Insert data from python df to sql table

Arwamus0
Level 2
Insert data from python df to sql table

Hi all,

I wrote a python code using python recipe, I need to add inside it a command that achieves:

The result of my code is a dataframe named combined_df, I need to insert the data in it into another table that's connected to SQL server.

Also this SQL table is an input to the python code, is this doable?

The idea is I'm considering the SQL table as original data, then when new data coming in I'm comparing both, and I need the updates to be inserted to the SQL table (original).

 

0 Kudos
11 Replies
AlexT
Dataiker

Hi @Arwamus0 ,
You can write to SQL table by providing output dataset in DSS.
If you are both reading/writing to the that table this possible but you may want to ensure you set append mode.

You can see the answer from : https://community.dataiku.com/t5/General-Discussion/Append-Data-without-drop-table-with-python/m-p/1...

Thanks

0 Kudos
Arwamus0
Level 2
Author

Hi @AlexT 

When there is new data, the old data column(ValidTo) has to be populated and this is done using the python code, if I append the new data this won't happen.

I need the table to be overwritten with my new df.

 

Also I got an error saying 'Dataset' object has no attribute 'spec_item'

 

Thanks

0 Kudos
AlexT
Dataiker

Hi @Arwamus0 ,

If you are consolidating and have the final df you want to write code, you can write simply.
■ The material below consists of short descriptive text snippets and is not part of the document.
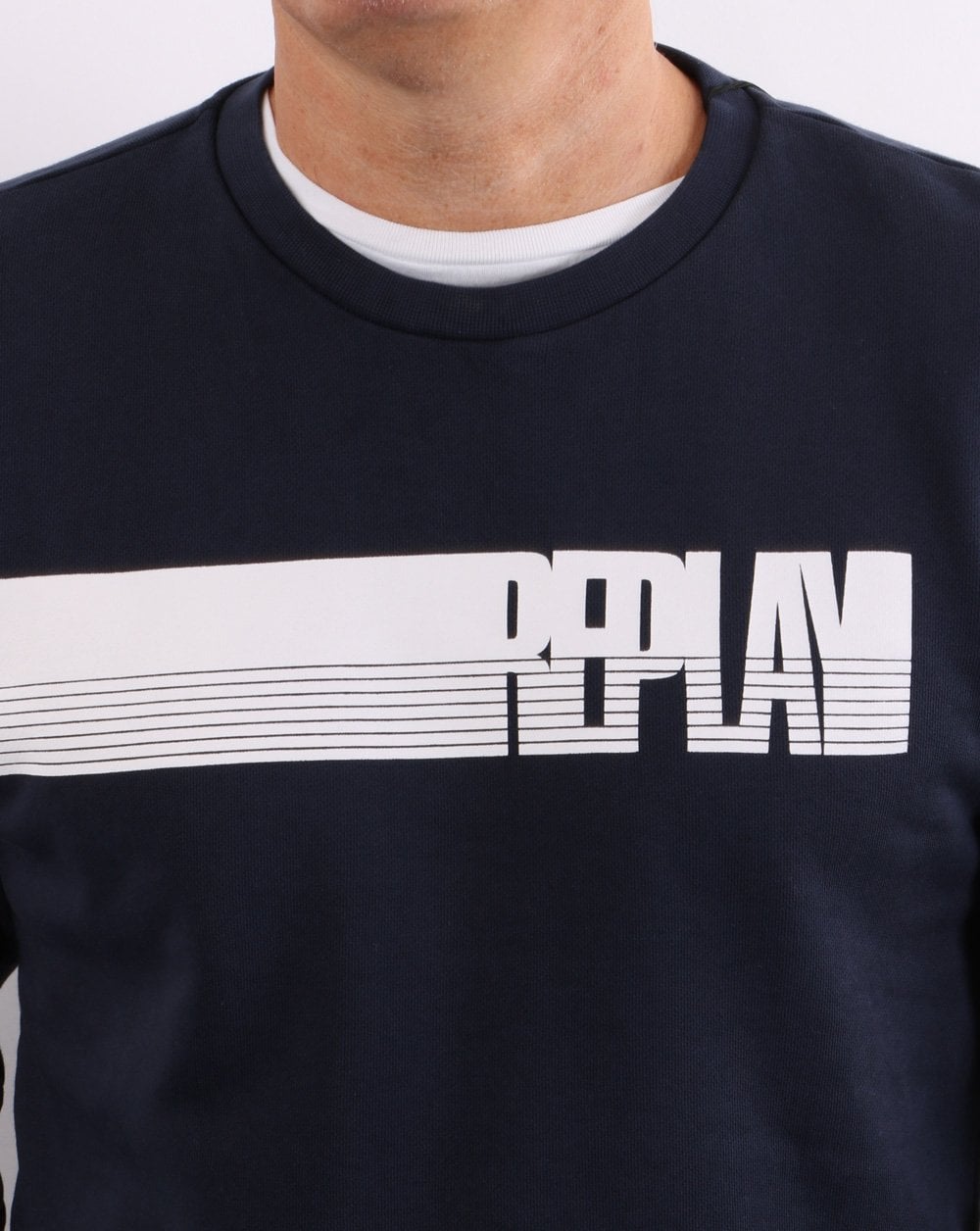 Replay Logo Sweatshirt Navy Blue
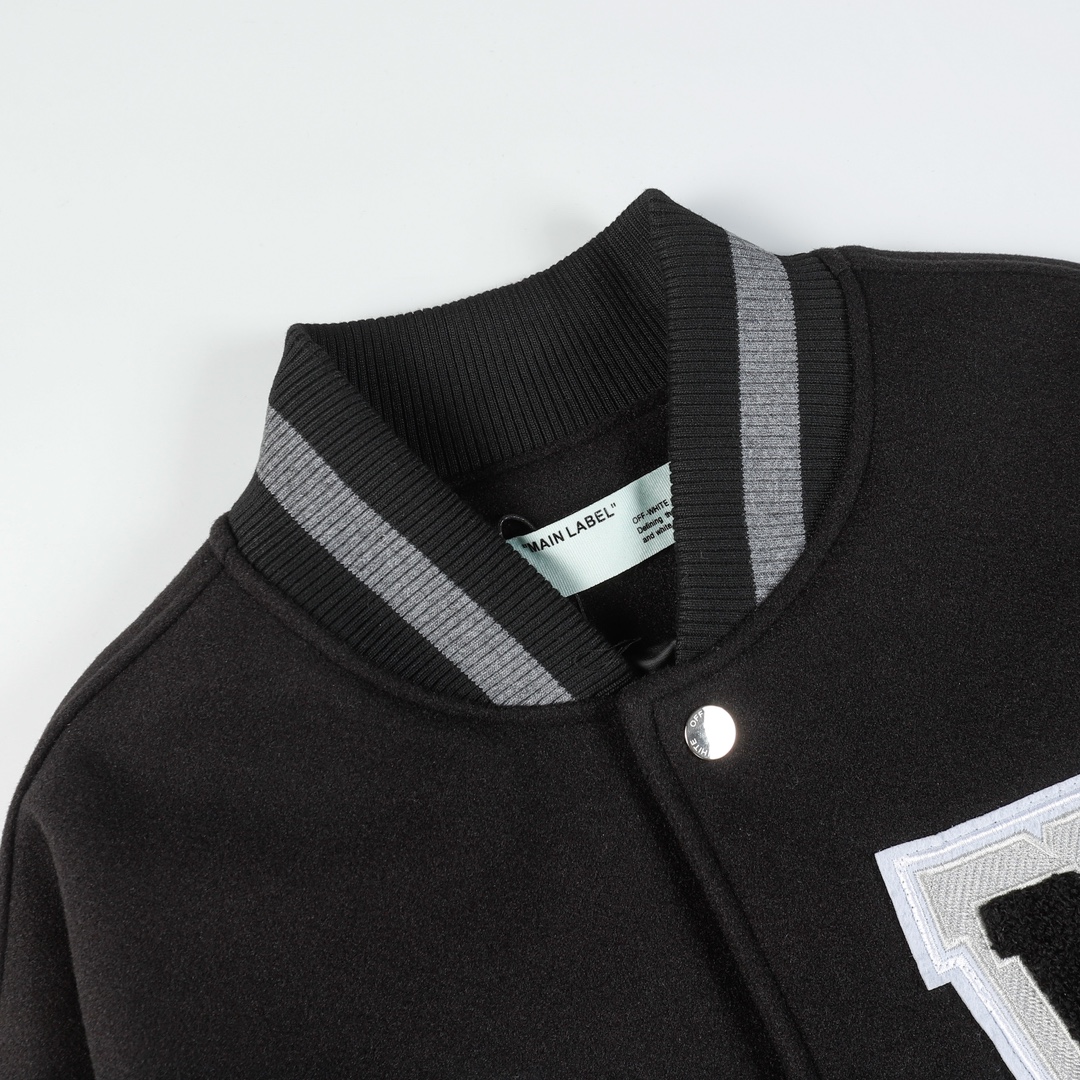 Embroidered Baseball Suit Jacket with Offwire Towel Detail in Multiple Sizes - 图片 2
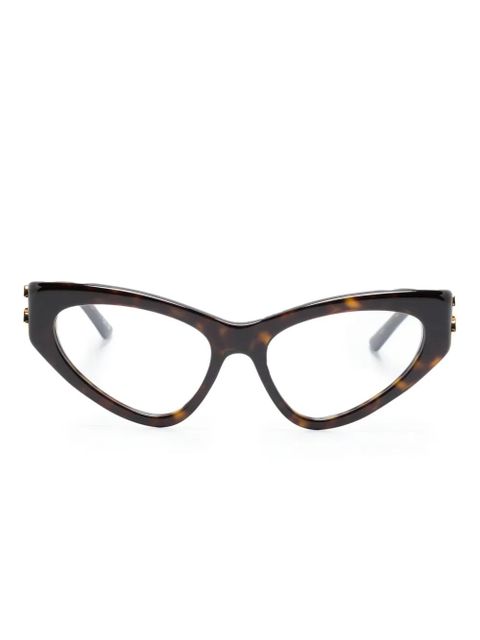 Balenciaga Eyewear tortoiseshell cat-eye frame glasses - Brown - zdjęcie produktu nr 1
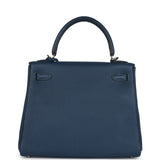 Hermes Kelly Retourne 25 Bleu De Prusse Togo Palladium Hardware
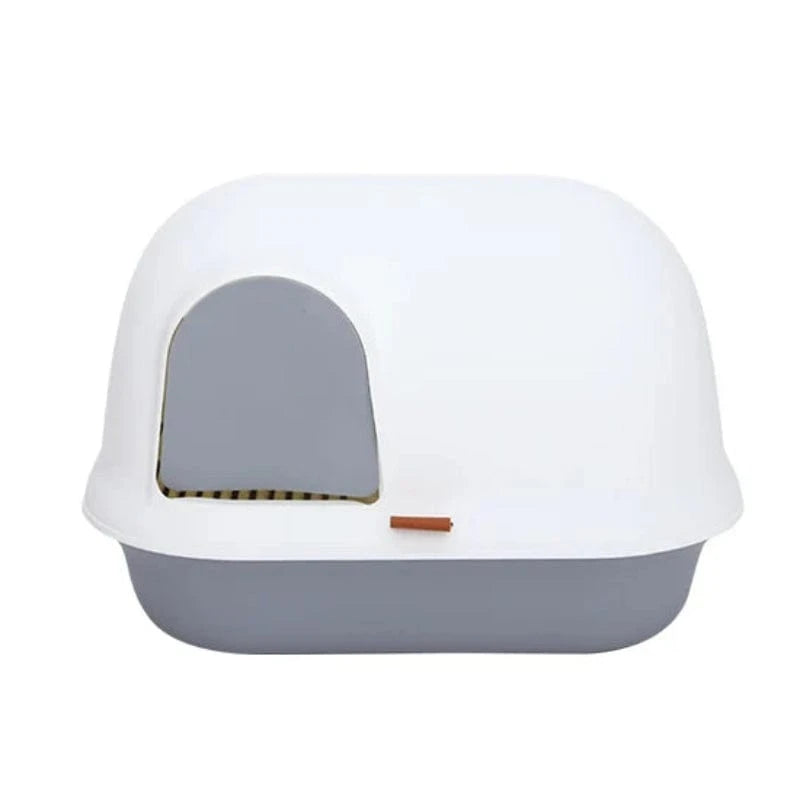 TechnuPet Smart Cat Litter Closed Corridor Cat Litter Box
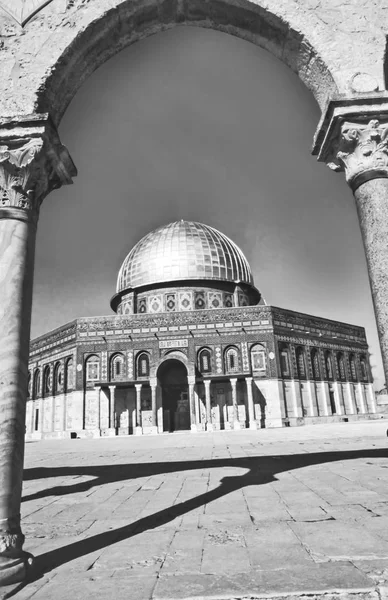 Θόλος Του Βράχου Aqsa Ιερουσαλήμ Ισραήλ — Φωτογραφία Αρχείου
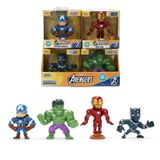 Jada Oyuncaklar Marvel Avengers Figürü (1 Adet) - 8 Yaş ve Üzeri Hayranlar ve Koleksiyoncular için 4 Metal Koleksiyon Figüründen 1'i (Ironman, Kaptan Amerika, Hulk, Kara Panter) - Rastgele Seçim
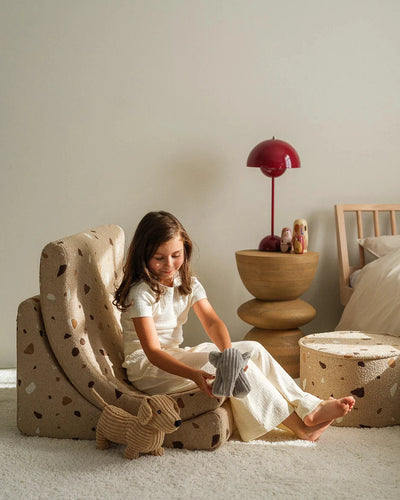 Kinderfauteuil Moon Terrazzo Sand by WigiWama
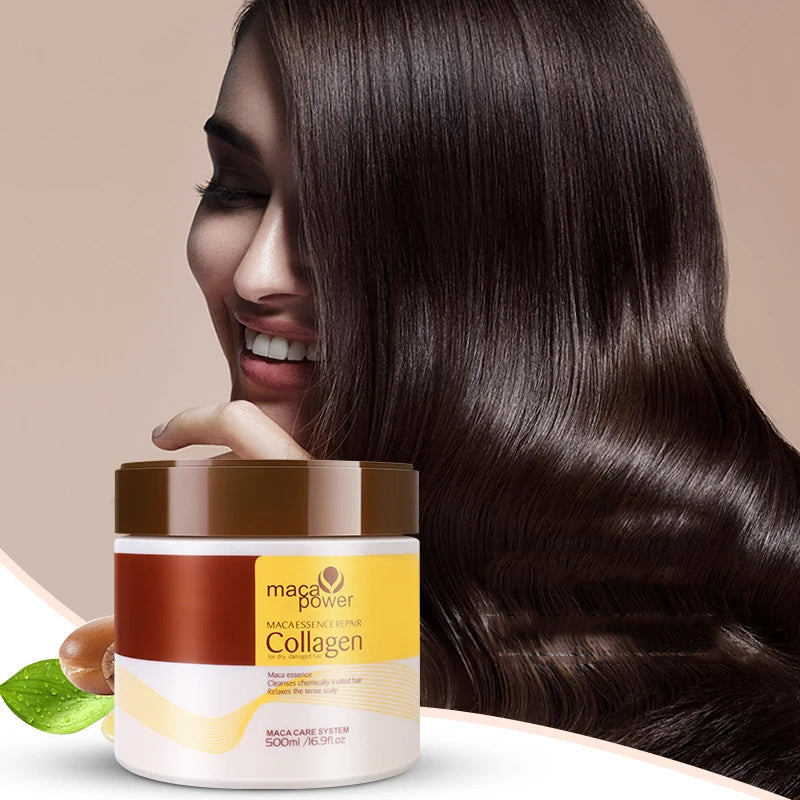Collageen Haarmasker - Frisse Haarverzorging | Stop Frizz en Droog Haar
test = dataiku.Dataset("test")
test.write_with_schema(pandas_dataframe)

THanks

0 Kudos
Arwamus0
Level 2
Author

Hi @AlexT 

 

It worked thanks a lot..

but now I have a problem it's duplicating the data inside the table, is there a command I can write before writing into the table to truncate it first?

0 Kudos
AlexT
Dataiker
0 Kudos
Arwamus0
Level 2
Author

the duplicates are happening in SQL table not in the df

0 Kudos
AlexT
Dataiker

Did you remove the append spec part?

 

0 Kudos
Arwamus0
Level 2
Author

yes it gives an error  'Dataset' object has no attribute 'spec_item'

 

0 Kudos
AlexT
Dataiker

I can't see a reason the data would be duplicated the write_with_schema should drop the table and then insert, did you include append mode in the recipe - Input/Output tab?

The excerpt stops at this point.